START Given records
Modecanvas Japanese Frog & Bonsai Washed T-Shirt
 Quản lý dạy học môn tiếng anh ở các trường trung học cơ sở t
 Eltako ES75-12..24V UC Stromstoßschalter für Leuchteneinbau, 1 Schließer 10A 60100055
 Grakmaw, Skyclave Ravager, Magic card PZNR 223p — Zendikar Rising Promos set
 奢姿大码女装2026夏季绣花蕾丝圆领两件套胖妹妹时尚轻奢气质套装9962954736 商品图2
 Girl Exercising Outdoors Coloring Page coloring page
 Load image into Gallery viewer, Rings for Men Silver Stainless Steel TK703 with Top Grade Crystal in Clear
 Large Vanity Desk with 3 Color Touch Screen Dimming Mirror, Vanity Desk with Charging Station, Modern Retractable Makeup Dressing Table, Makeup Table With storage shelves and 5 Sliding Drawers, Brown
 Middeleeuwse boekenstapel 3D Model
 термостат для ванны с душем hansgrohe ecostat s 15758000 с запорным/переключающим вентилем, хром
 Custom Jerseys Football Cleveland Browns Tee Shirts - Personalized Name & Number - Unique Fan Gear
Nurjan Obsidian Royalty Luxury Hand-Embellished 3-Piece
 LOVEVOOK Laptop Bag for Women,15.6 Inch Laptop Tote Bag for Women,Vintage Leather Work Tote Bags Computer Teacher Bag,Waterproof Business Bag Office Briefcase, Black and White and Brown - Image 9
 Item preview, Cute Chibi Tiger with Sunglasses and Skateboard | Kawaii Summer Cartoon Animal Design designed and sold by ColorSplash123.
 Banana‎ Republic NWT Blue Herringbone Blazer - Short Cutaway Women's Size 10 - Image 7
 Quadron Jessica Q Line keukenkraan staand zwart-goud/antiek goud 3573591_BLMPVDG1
END Given records
Prompt - Which of the lines above include the string "with"? Pick them out and copy them.

Worked solution -
 Load image into Gallery viewer, Rings for Men Silver Stainless Steel TK703 with Top Grade Crystal in Clear
 Large Vanity Desk with 3 Color Touch Screen Dimming Mirror, Vanity Desk with Charging Station, Modern Retractable Makeup Dressing Table, Makeup Table With storage shelves and 5 Sliding Drawers, Brown
 Item preview, Cute Chibi Tiger with Sunglasses and Skateboard | Kawaii Summer Cartoon Animal Design designed and sold by ColorSplash123.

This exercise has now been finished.